Muhalefetin eleştirisinde FETÖ hatırlatması ve “Yeni bir paralel yapı oluşturulduğu” iddiası da var.
Aslında meselenin püf noktası “Paralel yapı oluşması”yla ilgili. O da, iktidarın devletle, devletin içindeki kimi yapıların da iktidarla ilişkisi ile bağlantılı.

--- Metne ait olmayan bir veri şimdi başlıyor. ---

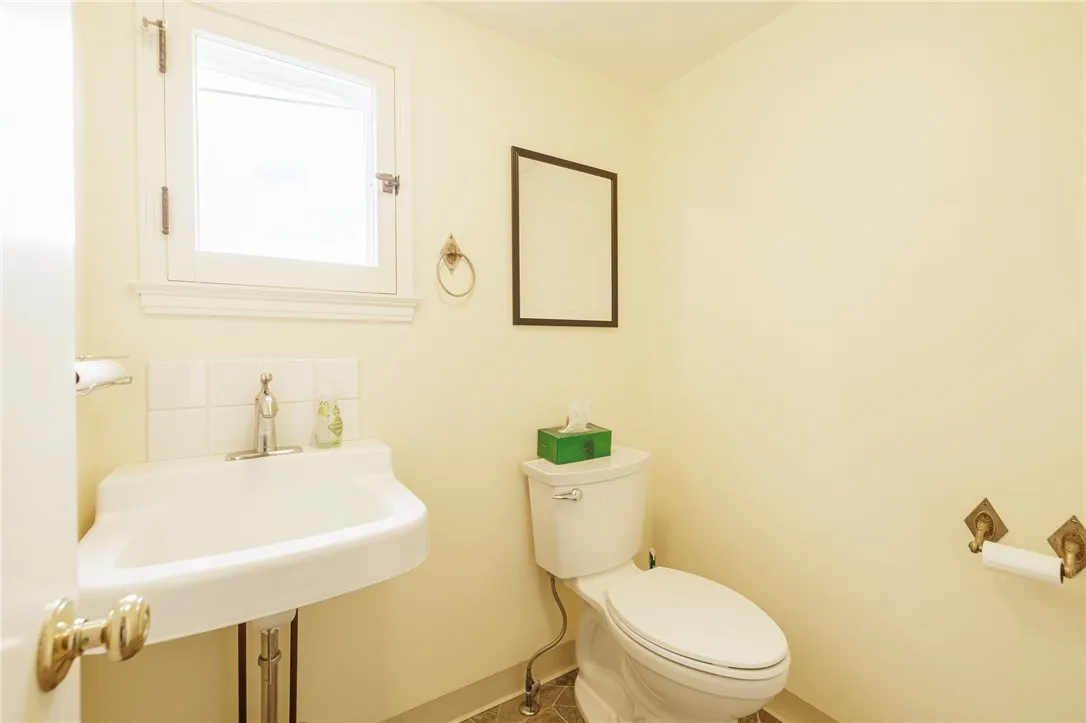 862 Marshall Road, Chili, New York 14624, Chili, New York 14624, 2 Bedrooms Bedrooms, 5 Rooms Rooms,1 BathroomBathrooms,Residential,For Sale,862 Marshall Road, Chili, New York 14624,0,R1647609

Ak Parti 2002’de seçimi kazanıp iktidara geldiğinde, evet, Meclis’e hakimdi ve hükümeti kurdu. Ancak, meşruiyeti yine devlet içindeki bazı kurumlar tarafından sorgulanmaktaydı. Nitekim 2007 yılında devletin silahlı kuvvetlerinin muhtırasına muhatap olacak, 2008 yılında “Laiklik karşıtı eylemlerin odağı olmak” suçlaması ile kapatma davasına maruz kalacak, hatta benim ifademle ipten dönecekti. Asker bünyesindeki “Darbeci...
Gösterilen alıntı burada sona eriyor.